• [Problem description]:
For the records below, output word for word the lines from the one with "Fashion Women Rhinestone" up to and including the one with "Ava Round Neck Knitted Dress". No pictures.

• [Records to process]:
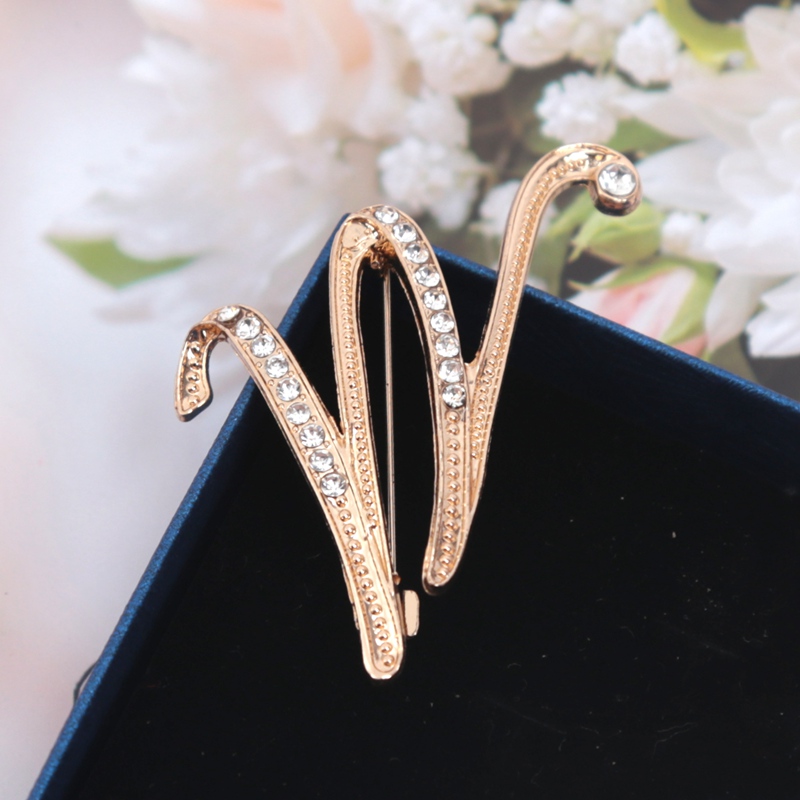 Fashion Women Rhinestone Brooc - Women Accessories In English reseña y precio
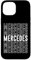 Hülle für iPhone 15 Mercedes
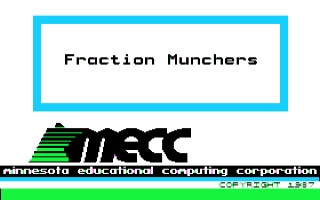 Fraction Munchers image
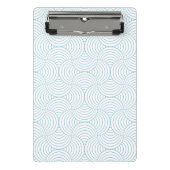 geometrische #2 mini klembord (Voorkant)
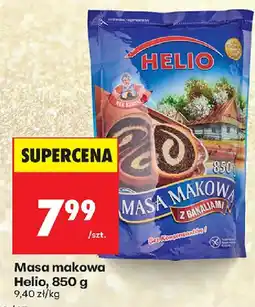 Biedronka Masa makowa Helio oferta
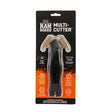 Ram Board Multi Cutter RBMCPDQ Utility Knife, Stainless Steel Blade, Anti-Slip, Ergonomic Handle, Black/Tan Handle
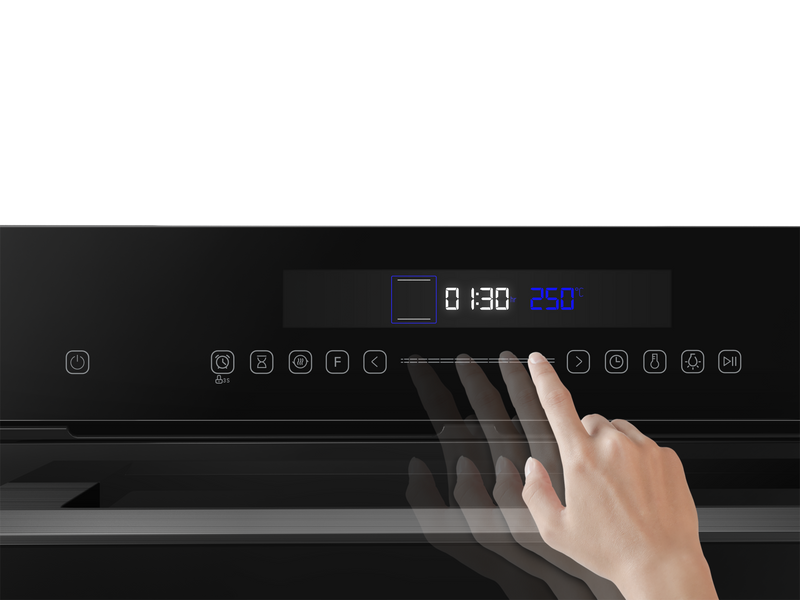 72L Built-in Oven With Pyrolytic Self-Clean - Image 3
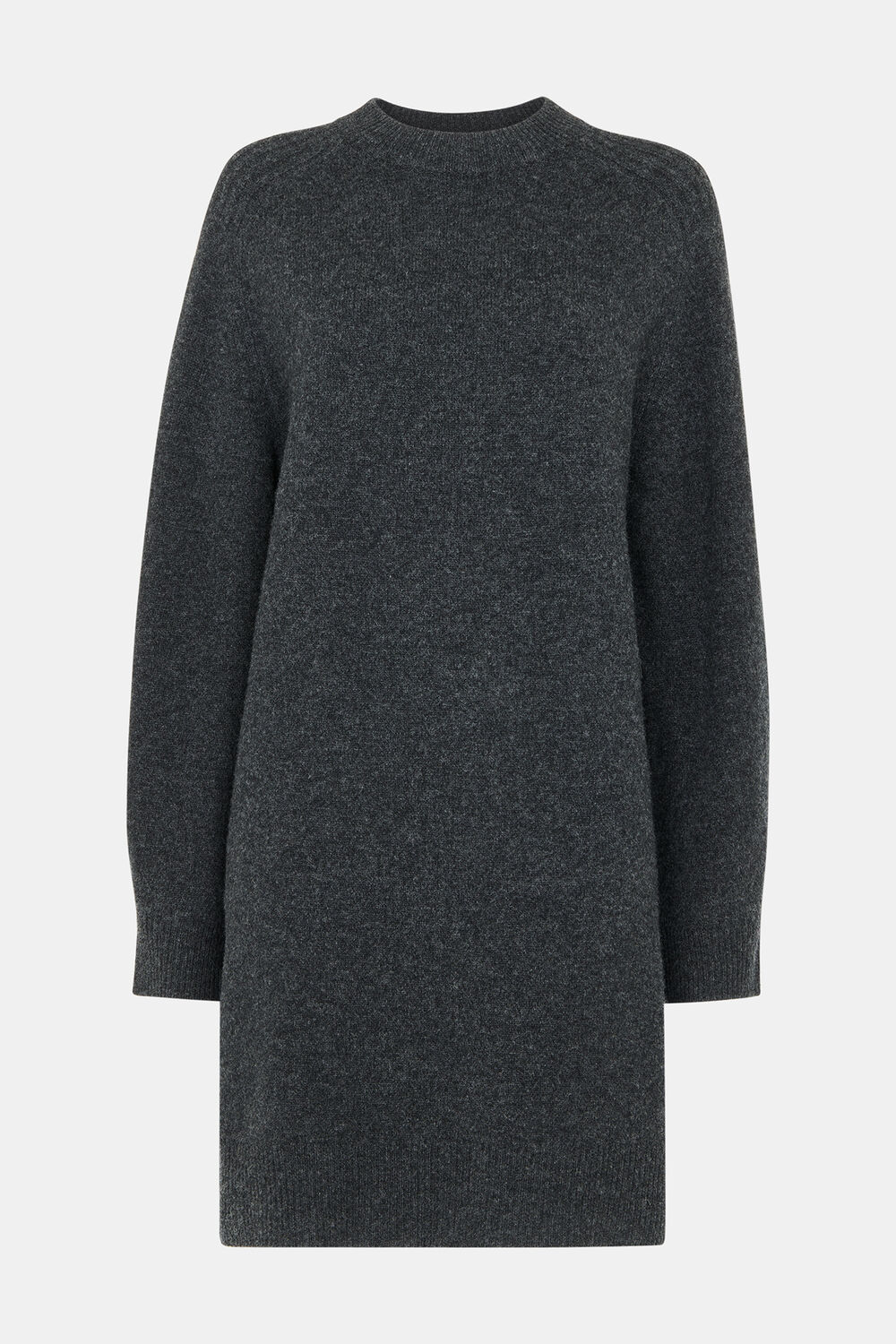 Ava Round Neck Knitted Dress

---

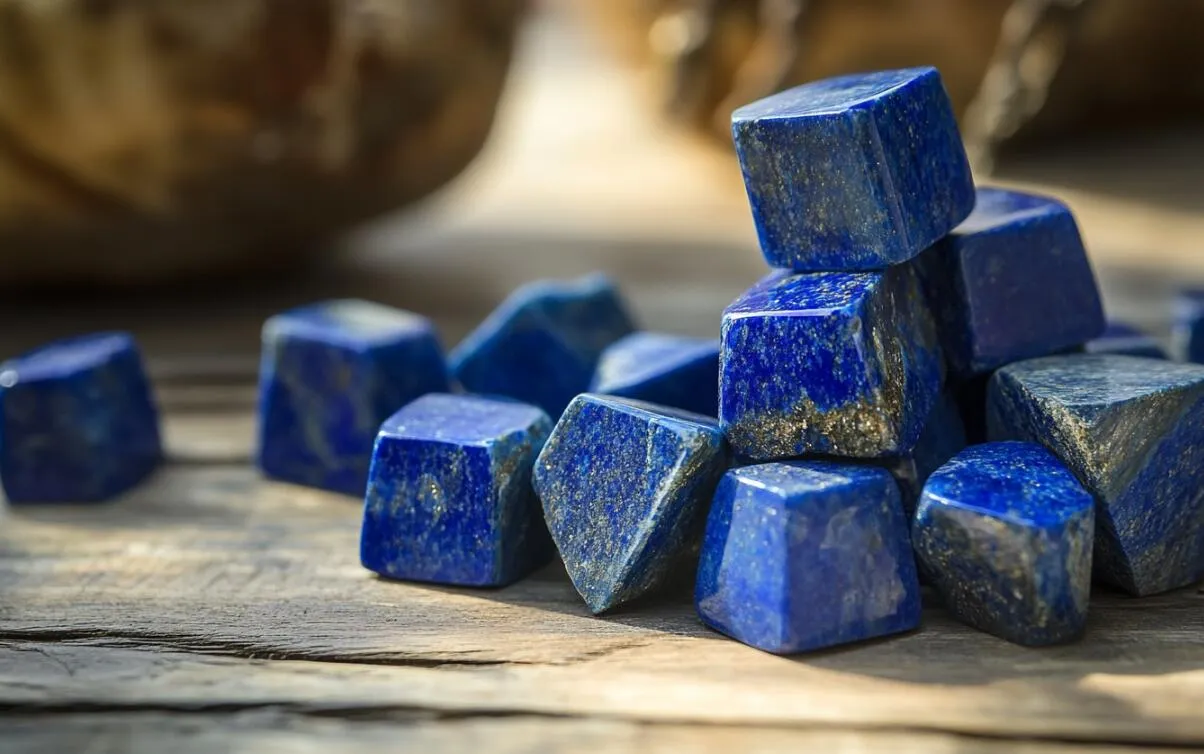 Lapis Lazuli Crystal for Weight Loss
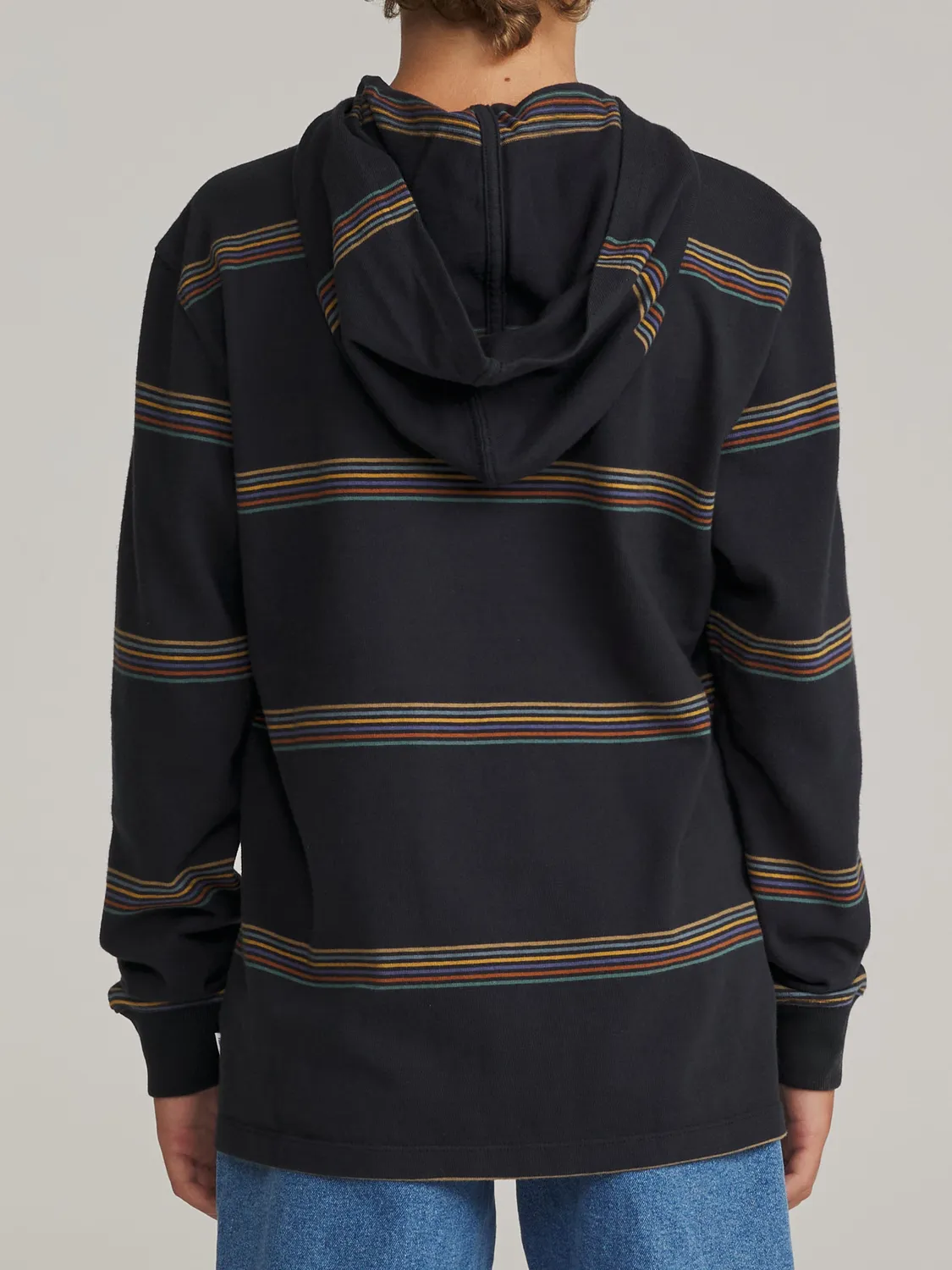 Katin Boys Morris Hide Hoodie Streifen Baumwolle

• [Task solution]:
 Fashion Women Rhinestone Brooc - Women Accessories In English reseña y precio
 Hülle für iPhone 15 Mercedes
 Fraction Munchers image
 geometrische #2 mini klembord (Voorkant)
 Biedronka Masa makowa Helio oferta
 Ram Board Multi Cutter RBMCPDQ Utility Knife, Stainless Steel Blade, Anti-Slip, Ergonomic Handle, Black/Tan Handle
 72L Built-in Oven With Pyrolytic Self-Clean - Image 3
 Ava Round Neck Knitted Dress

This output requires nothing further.